Auch ein anderes Regelwerk enthält eine Ausnahme für historische Fahrzeuge und kann hier als Beispiel dienen: die deutsche Lösemittelhaltige- Farben-und-Lack-Verordnung (ChemVOCFarbV). Die Ausnahme ist in Paragraph 3, Absatz 3b formuliert: „Abweichend von Absatz 1 dürfen gebrauchsfertige Produkte, die die Grenzwerte des Anhangs II für flüchtige organische Verbindungen nicht einhalten, in den Verkehr gebracht werden zum Zwecke der […] Restaurierung und Unterhaltung von […] Oldtimer- Fahrzeugen, die als historisch und kulturell besonders wertvoll eingestuft sind.“ Die Formulierung „historisch und kulturell besonders wertvoll“ findet sich bereits in der EU-Richtlinie 2004/42 (Decopaint-Richtlinie), die der deutschen ChemVOCFarbV zugrunde liegt.

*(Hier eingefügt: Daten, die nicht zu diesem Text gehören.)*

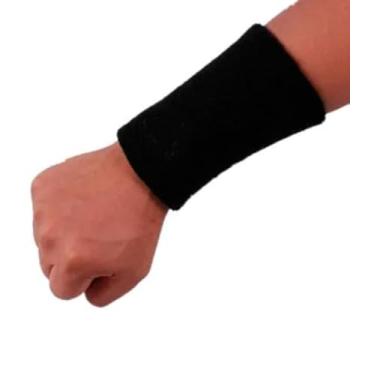 Imagem de Munhequeira Toalha Pulso 15 cm 01 Unidade Alta Absorção (Preto)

Übrigens ist ein Großteil der Oldtimer längst als technisches Kulturgut und somit als historisch und kulturell besonders wertvoll anerkannt. In Deutschland wird das durch die Vergabe des sogenannten H-Kennzeichens deutlich, wobei das H für historisch steht. Vergleichbare Vorgehensweisen existieren auch in anderen Ländern der EU.
Zu den Themen Gesundheits- und Umweltschutz. Die Toxizität von Blei ist seit Jahrhunderten bekannt. Gesundheitsrisiken werden von den Mitarbeitern in Werkstätten, Autohäusern und Betrieben der Zulieferindustrie professionell und erfolgreich gehandhabt. Unter anderem die Verwendung von Absauganlagen und persönlichen Schutzausrüstungen (PSA) sorgt dafür, dass die vielen Hunderttausend Menschen, die im europäischen Kraftfahrzeughandwerk und bei Lieferanten arbeiten, dies sicher sowie mit minimalem und kontrolliertem Risiko tun. Für verschlissene bleihaltige Fahrzeugteile und Rückstände der Verarbeitung von Blei bestehen bewährte Recyclingkreisläufe.
Auch Endverbraucher – hier: private Oldtimer- und Heimatmuseen sowie Sammler und Besitzer historischer Fahrzeuge – sind sich von Blei ausgehender Gefahren bewusst und setzen sich diesen nicht aus. Zumal das Schwermetall auch an historischen Fahrzeugen nicht offen zutage tritt.
Soweit das Statement.
Über den DEUVET: Gegründet als „Arbeitsgemeinschaft der deutschen Veteranen- und Markenclubs e.V.“ im Jahre 1976 auf der VETERAMA in Mannheim. Für die Deutsche Veteranenfahrzeuggemeinschaft wurde das Kürzel DEUVET gewählt und als Bundesverband Oldtimer-Youngtimer e.V. beim Deutschen Bundestag in Berlin akkreditiert. Durch permanente Arbeit hat der DEUVET die gesetzlichen Regeln für Oldtimer-Fahrzeuge und 1997 auch das H-Kennzeichen mitbestimmt.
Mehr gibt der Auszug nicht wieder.